本論文は「A Study on Networked Image Sensing Using Smart Image Sensors(スマートイメージセンサを用いたネットワーク画像センシングに関する研究)」と題し、英文でかかれており、7章よりなる。イメージセンサは画像情報という直感的な情報の取得手段として最も重要な役割を果たしてきた。今後、ネットワーク化の進む社会において、イメージセンサを大量にネットワークに繋ぎ広範囲な画像情報を取得し、効果的に正確な解析を行う大規模な画像センシングも行われることになろう。本論文では、多数のイメージセンサからネットワークを介してリアルタイムで情報取得を行うための提案として、スマートイメージセンサを用いた効率的な通信と処理を実現する方策を論じている。
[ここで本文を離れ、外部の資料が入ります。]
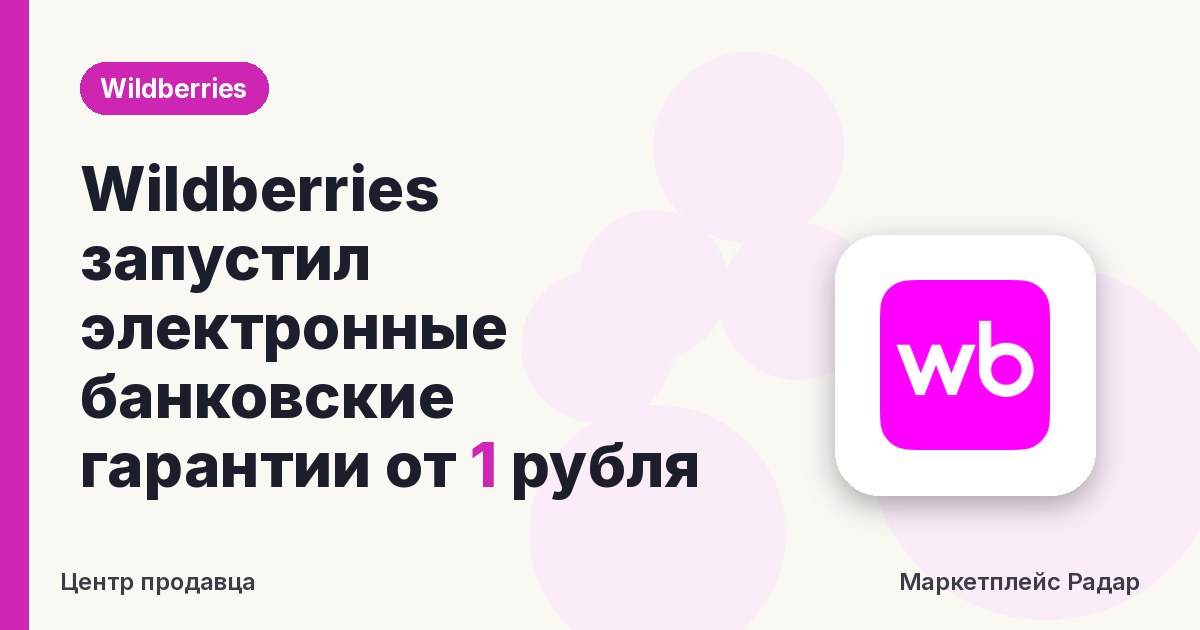 Wildberries запустил электронные банковские гарантии от 1 рубля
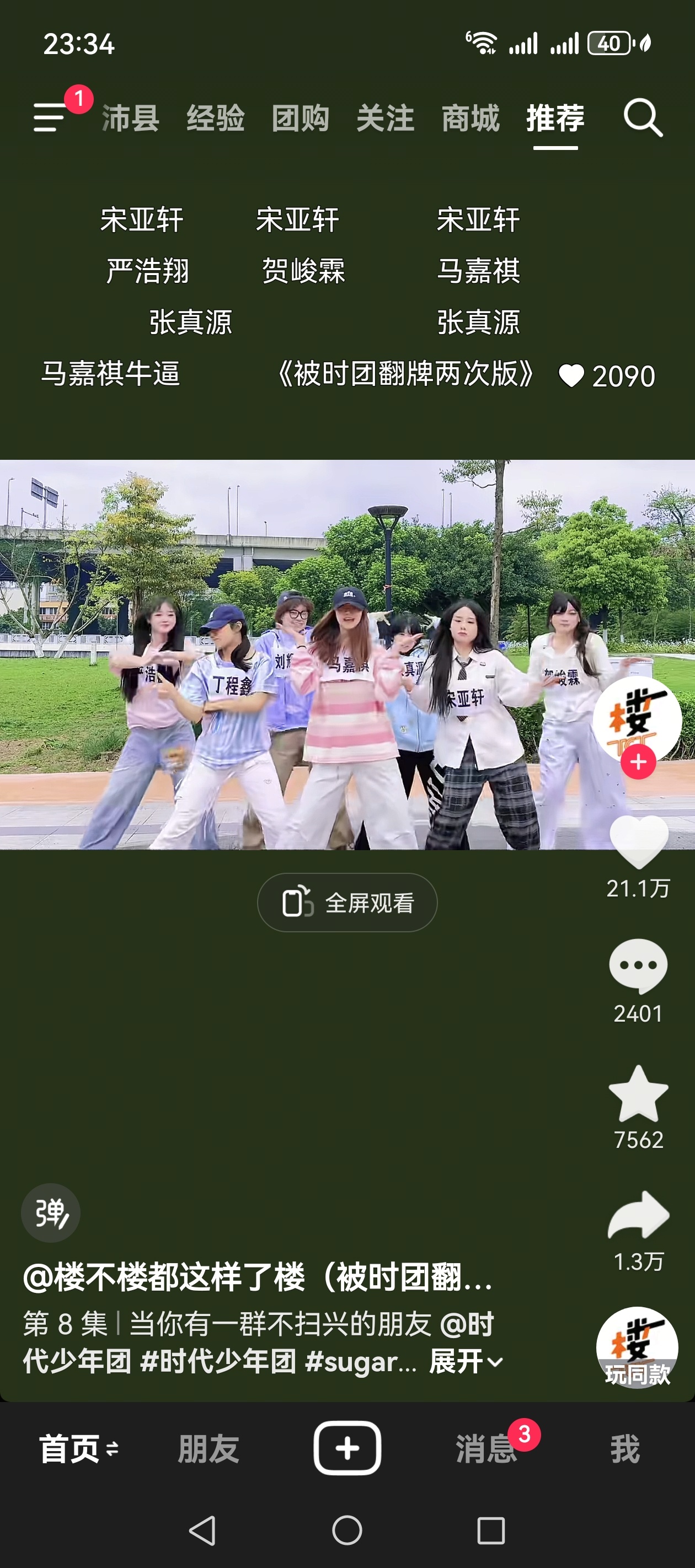 不知道为什么看到他们就是不喜欢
第1章は、「Introduction」であり、本研究の目的について述べ、ネットワーク化イメージセンサにとっての重要な課題を明示するとともに、本論文の構成について述べている。

第2章は、「Background and Related Work」と題する。複数のカメラからの情報を利用する画像処理技術の応用について述べるとともに、関連研究としてネットワーク越しに複数のカメラからのデータを取得するシステムとして研究されている事例について紹介している。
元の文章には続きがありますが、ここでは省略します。